START DATA LISTING

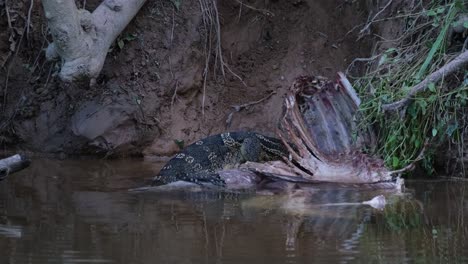 Monitor-De-Agua-Asiático,-Varanus-Salvator,-Tailandia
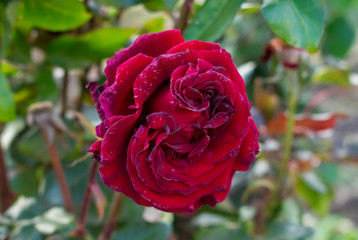 red roses in the summer garden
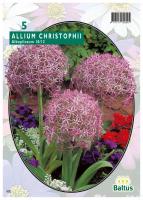 Алиум Allium Christophii Albopilosum per 5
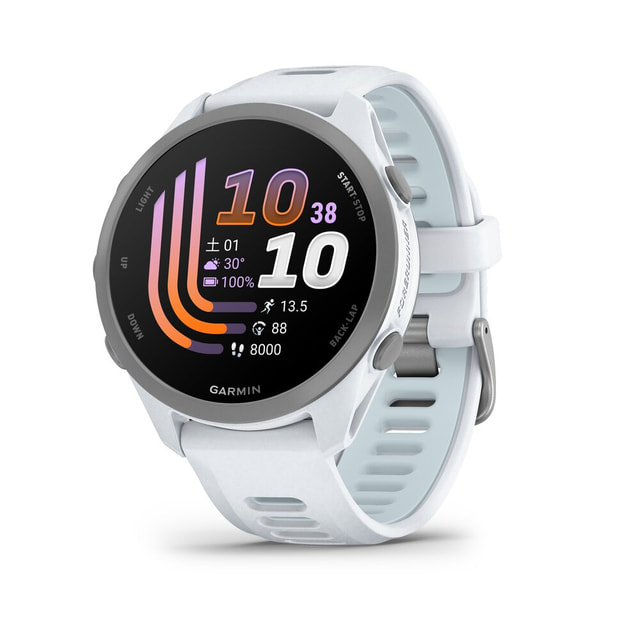 GARMIN Forerunner 165 Music BlackGray 010-02863-90 Forerunner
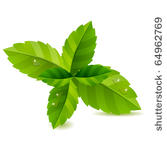 fresh green mint leaves...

END DATA LISTING

#### [TASK]
Please output the entries above exactly, leaving out every picture.

#### [RESPONSE TO THE EXERCISE]
 Monitor-De-Agua-Asiático,-Varanus-Salvator,-Tailandia
 red roses in the summer garden
 Алиум Allium Christophii Albopilosum per 5
 GARMIN Forerunner 165 Music BlackGray 010-02863-90 Forerunner
 fresh green mint leaves...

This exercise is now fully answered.